To date, the company has raised $4 million, according to Crunchbase. The pre-seed round came from Adler, and the next $2 million, which came in early 2022, from venture capital funds. The company also issued $1.7 million in convertible bonds in late 2022. «We [had] two clear paths: remain private and repay the note with interest, or pursue a public exit that would eliminate the debt and strengthen our balance sheet with a cash infusion. We chose the latter,» Malloy told Oninvest.

On February 14, 2022, the company published a draft registration statement for a public offering. But with the outbreak of war in Ukraine in 2022, the IPO market froze, as did talks for investments and future advertising partnerships. 

As a result, Brag House postponed its IPO. In addition, the company was forced to cut more than half of its employees. «We made a classic startup mistake: We hired too many people,» Malloy admits. Since then, the company has only seven permanent employees. 

It was not until summer 2024 that the company published a prospectus announcing plans to list 1.6 million shares at $5 apiece on the Nasdaq. Brag House hoped to raise $8 million in the IPO.

The actual results were more modest: On March 7, the company announced it had raised about $6 million by placing 1.475 million shares at $4 each. Including subsequent additional offerings, the IPO raised $6.7 million.

Malloy and Leibovich own approximately 13% of the company's stock, according to the company. 

article

In the first month after the IPO, the share price peaked at $6.96, having risen more than 50%. But as soon as April 1, it collapsed more than 80% in a day, to $1.27.

On May 14, the company reported it had fallen victim to «potential illegal naked short selling.» Naked shorting is the illegal practice of selling short shares that have not yet been determined to exist or that the trader has not secured in some way. 
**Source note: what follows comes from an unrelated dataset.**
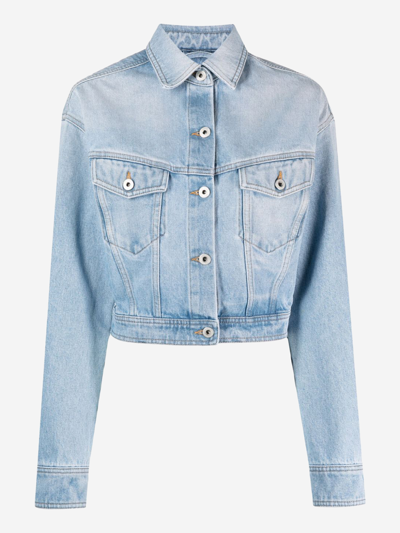 Off-white Toy Box Splatter Paint Crop Denim Jacket With Detachable Hood In Blue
The company said it received information from the Depository Trust Company that the trading volume on April 1 was nearly three times the volume of shares offered in the IPO, nor did the company see the expected delivery of shares. According to the press release, there were «persistent discrepancies» in the delivery of shares in the second half of March and the first week of April. The company reported the information to the U.S. SEC and Nasdaq. 

Since then, the share price has not recovered. On June 4, the stock closed at $0.60 per share. According to Nasdaq rules, the company can be delisted if its stock stays below $1 per share for 30 days. Still, issuers have six months to take steps to restore the share price. Malloy is confident the company's third-quarter performance will energize the stock. 

Future plans 

For 2023, the company had revenue of $366,400 and a net loss of $4.7 million. Revenue for 2024, however, was just $105, with the net loss dropping to $3.3 million. The company attributed the top-line drop-off to lower tournament activity last year.

The company plans to add a new revenue source this year, Malloy mentioned to Oninvest. By the end of the year, Brag House will introduce memberships for users with five tiers. The company is still looking for the right prices, but preliminarily they range from $2.99 to $7.99. By comparison, subscription rates on interactive livestreaming service Twitch range from $4.99 to $24.99. 

The second way to make more money involves selling data to brands. «Data is the most valuable asset we have… A lot of businesses just have passive data — like where a user is located, or how much time they spend on a site. We, on the other hand, can predict how our users will react to specific ad campaigns,» explains Malloy. 

The company has decided to launch a service in early 2026 that will provide corporate clients with paid access to anonymized aggregated data about Brag House users. This is set to become the company's biggest revenue source, the entrepreneur believes.

Software developer Artemis will help create the service, which is to be based on machine learning that will aggregate and analyze Brag House user data. In return, Artemis got a stake in the business: 937,500 common shares of Brag House.